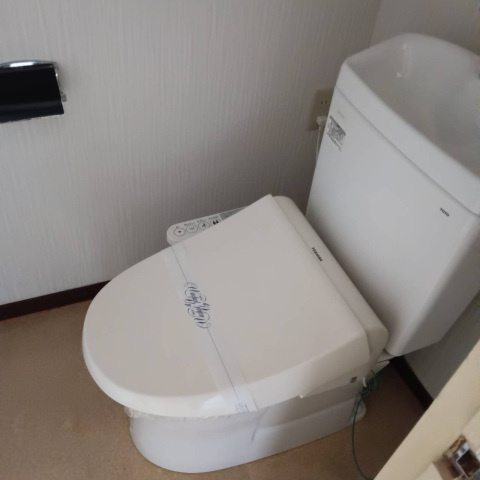 O.S東雲のトイレ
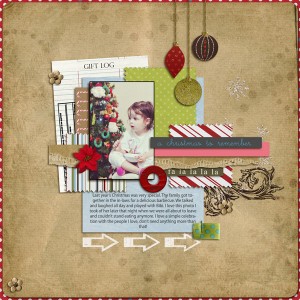 A Christmas to remember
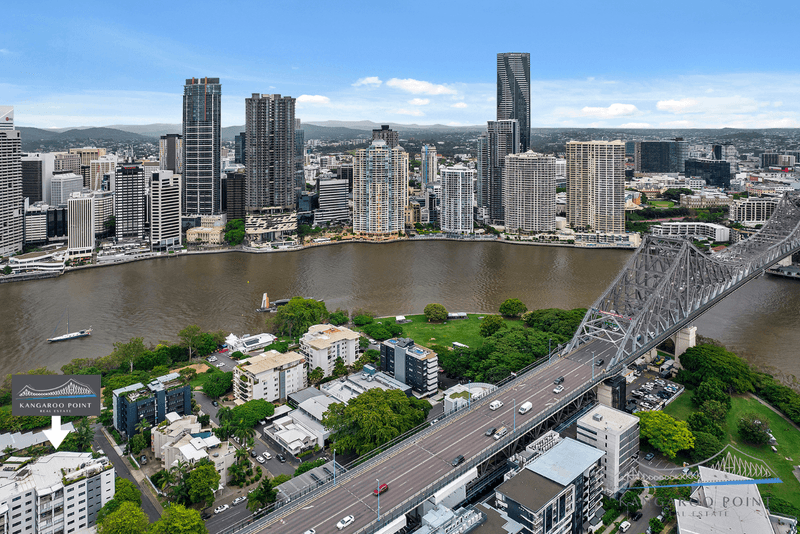 52/54 MacKenzie Street, Kangaroo Point, QLD 4169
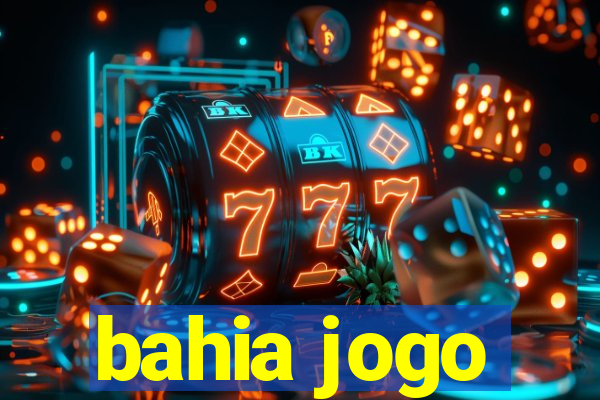 bahia jogo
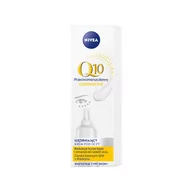 Kosmetyki pod oczy - Nivea Q10 przeciwzmarszczkowy krem pod oczy 15ml - miniaturka - grafika 1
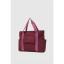 Shule Bags Pettit Bigger Bordo Tote Çanta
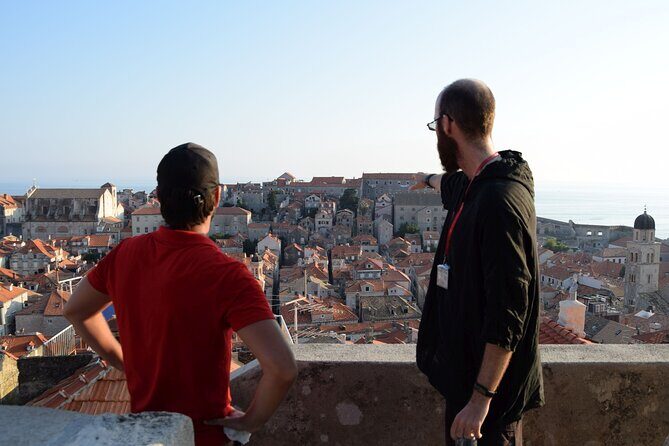 Walls Of Dubrovnik: Small-Group Walking Tour With A Local - Why the Dubrovnik City Walls are worth planning around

- TASK INSTRUCTIONS -
Leave every picture out and write out, word for word, the lines from the one that contains "52/54 MacKenzie Street, Kangaroo" through the last line of the records.

- COMPLETED TASK -
 52/54 MacKenzie Street, Kangaroo Point, QLD 4169
 bahia jogo
 Kosmetyki pod oczy - Nivea Q10 przeciwzmarszczkowy krem pod oczy 15ml - miniaturka - grafika 1
 Shule Bags Pettit Bigger Bordo Tote Çanta
 Walls Of Dubrovnik: Small-Group Walking Tour With A Local - Why the Dubrovnik City Walls are worth planning around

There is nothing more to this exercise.